Часть знатных бояр бежала из города. Крутой нрав Святослава знали. Другие же, принявшие христианство, умудренные жизнью, просто ушли в тень. Князю-воину будет не до вопросов веры. Он весь в походах, спит на коне, ест конину, едва-едва зажарив ее на угольях… Рано или поздно отважные русы полягут в битвах! Ведь сами ищут кровавой брани, в их песнях слышен звон мечей и рев боевых труб, реками льется кровь, а они гибнут как герои… Вот и пусть гибнут и дальше. А здесь можно будет повернуть по-старому…

Адальберта с двумя уцелевшими в резне спутниками вывели за ворота Киева и велели убираться без оглядки. Дружине Сфенел велел наложить стрелы на луки.

– Ежели хоть один оглянется, – приказал он жестко, – бить как свиней! Без жалости.

Таким Владимир вспоминал этот переворот. Русь, принявшая католичество великой княгиней и всей княжеской верхушкой, была повернута могучей рукой воина Святослава к древней вере русов.

Княжеская оружейная занимала правое крыло терема – в три поверха, а еще был подвал в два поверха, стены из дикого камня. Владимир умел подружиться с самыми нелюдимыми, а оружейникам всегда старался что-то подать, принести, и его допускали поглазеть и даже потрогать почти все, что хранилось под их началом.

Здесь любил бывать Святослав, но, на счастье Владимира, он редко бывал в Киеве.

Самое древнее и удивительное оружие хранилось в подвалах. На вбитых между глыбами крюках висели киммерийские луки и бронзовые мечи. Тут же рядом хранилась и скифская зброя, как называли свое оружие степняки древности. Мечи-акинаки, секиры, ножи – все из первого железа, еще слабого, сырого, незакаленного. Правда, мечи и ножи с золотыми рукоятями. Не простые скифы пали от рук древних русичей!

В распяленном положении висели ассирийские доспехи, кольчуги. Там же были конические шлемы, поножи, луки. Уже не оружейники, а волхвы рассказывали, что столь дивные вещи привезли пращуры из дальнего похода на Восток. Тогда победно дошли до самого Египта, но фараоны откупились богатой данью.

Там же была зброя персов, гребнистые коринфские шлемы с забралами остались от эллинов, когда была разбита армия великого Лександра. Пошли стричь гипербореев, вернулись стрижеными, да и не всем повезло вернуться. От них осталось особенно красивое оружие, сплошь с диковинными личинами, богато украшенное, щиты с вырезами. Говорят, ничто на свете не могло выстоять против удара македонской фаланги! Но под стрелами скифов и двуручными мечами богатырей-сколотов полегли завоеватели, немногие успели унести ноги…
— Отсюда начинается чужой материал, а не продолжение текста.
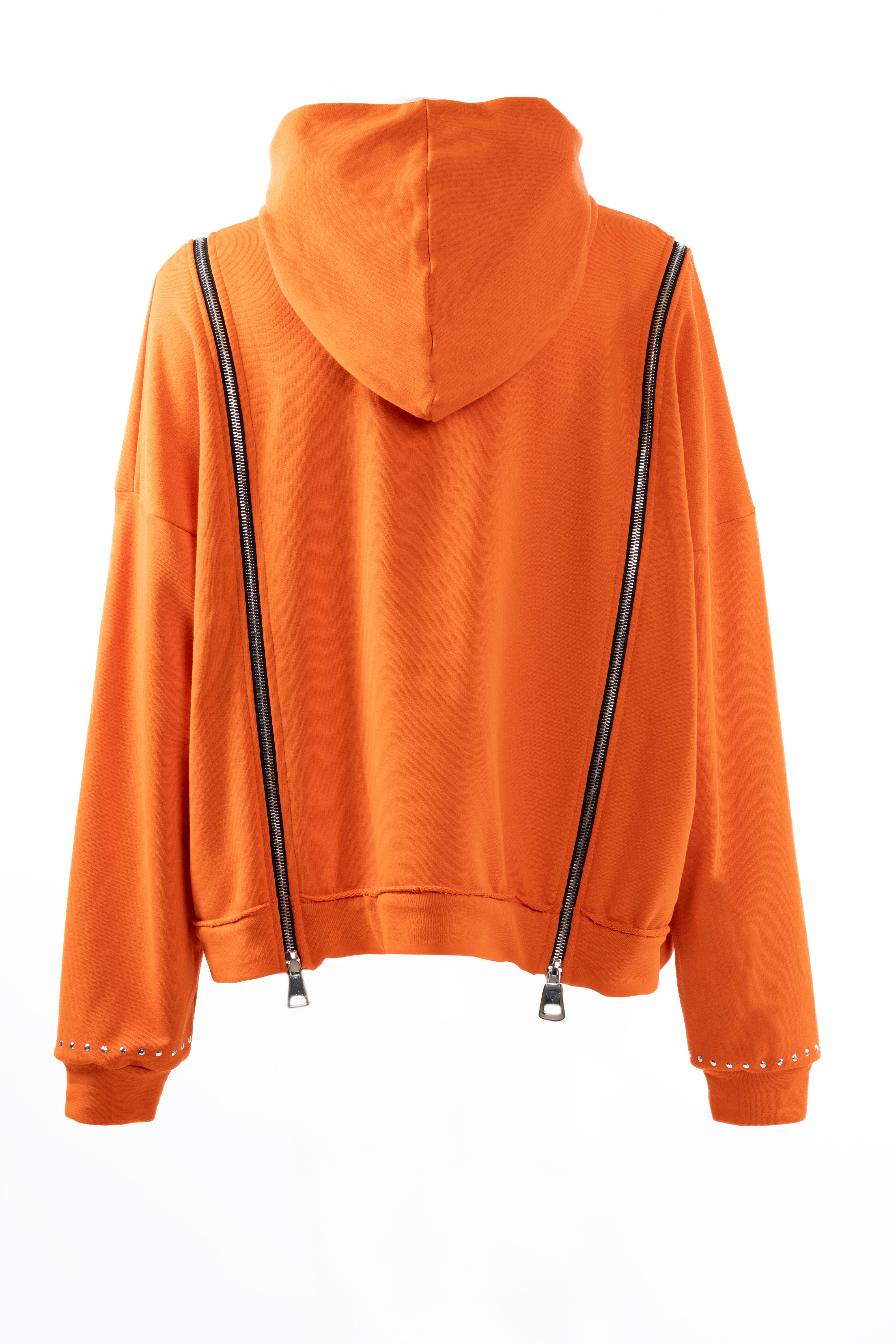 Hoodie Combo Orange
На поверх выше в подвале хранились доспехи и зброя сарматов. Длиннополые кафтаны, обшитые бронзовыми пластинами, глубокие железные шлемы, длинные пики, знаменитые двуручные мечи. Это с их помощью сарматы разбили скифов и оттеснили на северо-запад, где те вскоре слились в единый народ со сколотами, ушедшими с Коло.
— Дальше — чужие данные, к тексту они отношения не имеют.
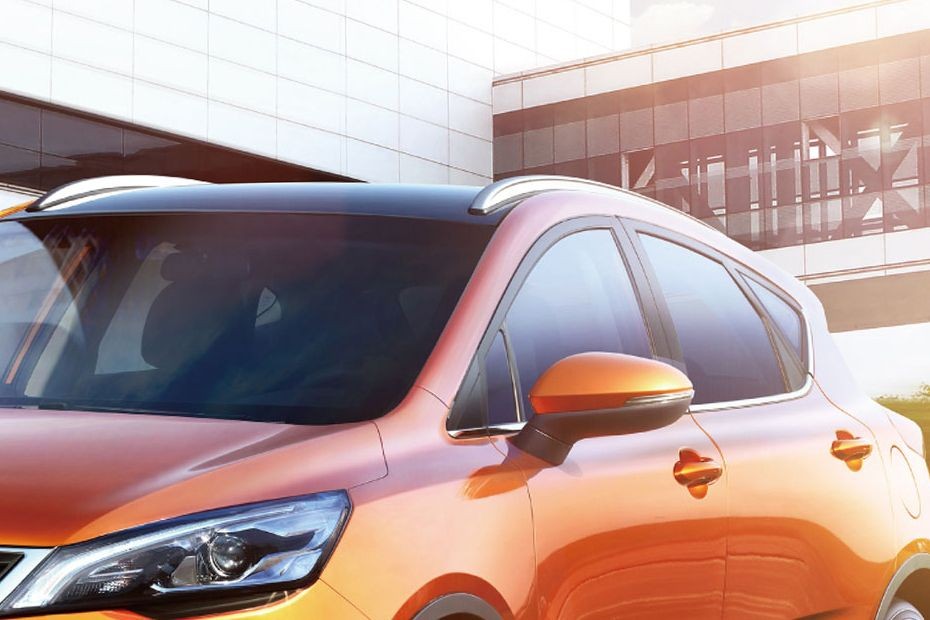 Emgrand GS Sport(2017-2023) roof rail in UAE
Отдельный угол был отдан зброе римлян. Не нынешних ромеев, а тех, древних, настоящих. Их принесли с дако-римской войны, когда славяне помогали соседям отразить нашествие римлян. Шлемы римлян были просто чудом, их невозможно пробить ни мечом, ни секирой, ни копьем. Только клевцы, боевые молоты с узким, длинным и слегка загнутым к рукояти бойком, умелая придумка сколотских рыцарей, помогла справиться и с ними, тогдашними властителями мира.

Здесь же в углу висели и панцири легионеров, набранные из длинных прогнутых стальных пластин. В ряд висели странные короткие ножи, которые у римлян служили мечами и звались гладиями. Старый оружейник, его звали коваль Людота, объяснил пытливому отроку, что огромный двуручный меч сколотов плох в тесном бою, когда сшибаются две армии и, выставив щиты, давят одна на другую. Передние ряды задыхаются от тесноты, тут в самый раз короткий меч: кольнул из-под щита – и снова как черепаха в панцире!

Вместе с оружием стояли и захваченные в боях римский орел на древке – золотой! – знак легиона, значки манипул и когорт.

Выбравшись из подвала, он попадал на первом поверхе в царство оружия готов. От них осталось особенно много, ибо с готами то воевали, то торговали и роднились, то снова воевали. У них особенно заметны великолепные кольчуги с длинными рукавами и капюшонами. Кроме обычных щитов, секир и мечей, выделялись большие боевые ножи с клинками длиной в локоть. Их называли скрамасаксы, с ними готы не расставались, а впоследствии одна ветвь готов так и назвала себя – саксы!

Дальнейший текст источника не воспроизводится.